Exercise requirements » For every record here, output an exact copy.

Dataset records »
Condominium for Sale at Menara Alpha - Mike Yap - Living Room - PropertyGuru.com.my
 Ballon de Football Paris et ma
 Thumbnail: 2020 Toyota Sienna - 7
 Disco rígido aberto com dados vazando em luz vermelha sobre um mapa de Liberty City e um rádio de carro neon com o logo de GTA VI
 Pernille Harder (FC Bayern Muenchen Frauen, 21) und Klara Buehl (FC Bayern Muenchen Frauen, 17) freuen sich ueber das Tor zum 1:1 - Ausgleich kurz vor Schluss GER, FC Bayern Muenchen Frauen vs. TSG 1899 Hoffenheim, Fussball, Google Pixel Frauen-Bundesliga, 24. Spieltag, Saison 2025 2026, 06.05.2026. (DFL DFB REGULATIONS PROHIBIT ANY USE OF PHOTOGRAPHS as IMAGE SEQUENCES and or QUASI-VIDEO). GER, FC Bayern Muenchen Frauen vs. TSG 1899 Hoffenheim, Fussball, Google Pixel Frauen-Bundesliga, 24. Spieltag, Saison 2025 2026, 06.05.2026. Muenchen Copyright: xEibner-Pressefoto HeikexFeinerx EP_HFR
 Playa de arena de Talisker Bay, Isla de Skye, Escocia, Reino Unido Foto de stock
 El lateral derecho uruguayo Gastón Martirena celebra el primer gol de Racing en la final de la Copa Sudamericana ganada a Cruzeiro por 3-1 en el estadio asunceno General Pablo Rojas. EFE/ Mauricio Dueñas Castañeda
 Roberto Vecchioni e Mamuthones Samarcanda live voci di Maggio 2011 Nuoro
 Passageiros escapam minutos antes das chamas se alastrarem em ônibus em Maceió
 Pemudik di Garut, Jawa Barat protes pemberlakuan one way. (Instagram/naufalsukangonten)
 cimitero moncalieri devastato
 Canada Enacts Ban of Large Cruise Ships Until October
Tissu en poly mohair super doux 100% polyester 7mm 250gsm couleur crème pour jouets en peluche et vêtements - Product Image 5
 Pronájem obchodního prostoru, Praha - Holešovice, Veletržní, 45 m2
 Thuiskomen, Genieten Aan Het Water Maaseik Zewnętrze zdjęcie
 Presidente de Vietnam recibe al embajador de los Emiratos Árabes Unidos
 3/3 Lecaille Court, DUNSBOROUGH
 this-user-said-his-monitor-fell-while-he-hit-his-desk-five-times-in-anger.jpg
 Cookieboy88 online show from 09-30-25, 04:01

Expected output »
Condominium for Sale at Menara Alpha - Mike Yap - Living Room - PropertyGuru.com.my
 Ballon de Football Paris et ma
 Thumbnail: 2020 Toyota Sienna - 7
 Disco rígido aberto com dados vazando em luz vermelha sobre um mapa de Liberty City e um rádio de carro neon com o logo de GTA VI
 Pernille Harder (FC Bayern Muenchen Frauen, 21) und Klara Buehl (FC Bayern Muenchen Frauen, 17) freuen sich ueber das Tor zum 1:1 - Ausgleich kurz vor Schluss GER, FC Bayern Muenchen Frauen vs. TSG 1899 Hoffenheim, Fussball, Google Pixel Frauen-Bundesliga, 24. Spieltag, Saison 2025 2026, 06.05.2026. (DFL DFB REGULATIONS PROHIBIT ANY USE OF PHOTOGRAPHS as IMAGE SEQUENCES and or QUASI-VIDEO). GER, FC Bayern Muenchen Frauen vs. TSG 1899 Hoffenheim, Fussball, Google Pixel Frauen-Bundesliga, 24. Spieltag, Saison 2025 2026, 06.05.2026. Muenchen Copyright: xEibner-Pressefoto HeikexFeinerx EP_HFR
 Playa de arena de Talisker Bay, Isla de Skye, Escocia, Reino Unido Foto de stock
 El lateral derecho uruguayo Gastón Martirena celebra el primer gol de Racing en la final de la Copa Sudamericana ganada a Cruzeiro por 3-1 en el estadio asunceno General Pablo Rojas. EFE/ Mauricio Dueñas Castañeda
 Roberto Vecchioni e Mamuthones Samarcanda live voci di Maggio 2011 Nuoro
 Passageiros escapam minutos antes das chamas se alastrarem em ônibus em Maceió
 Pemudik di Garut, Jawa Barat protes pemberlakuan one way. (Instagram/naufalsukangonten)
 cimitero moncalieri devastato
 Canada Enacts Ban of Large Cruise Ships Until October
Tissu en poly mohair super doux 100% polyester 7mm 250gsm couleur crème pour jouets en peluche et vêtements - Product Image 5
 Pronájem obchodního prostoru, Praha - Holešovice, Veletržní, 45 m2
 Thuiskomen, Genieten Aan Het Water Maaseik Zewnętrze zdjęcie
 Presidente de Vietnam recibe al embajador de los Emiratos Árabes Unidos
 3/3 Lecaille Court, DUNSBOROUGH
 this-user-said-his-monitor-fell-while-he-hit-his-desk-five-times-in-anger.jpg
 Cookieboy88 online show from 09-30-25, 04:01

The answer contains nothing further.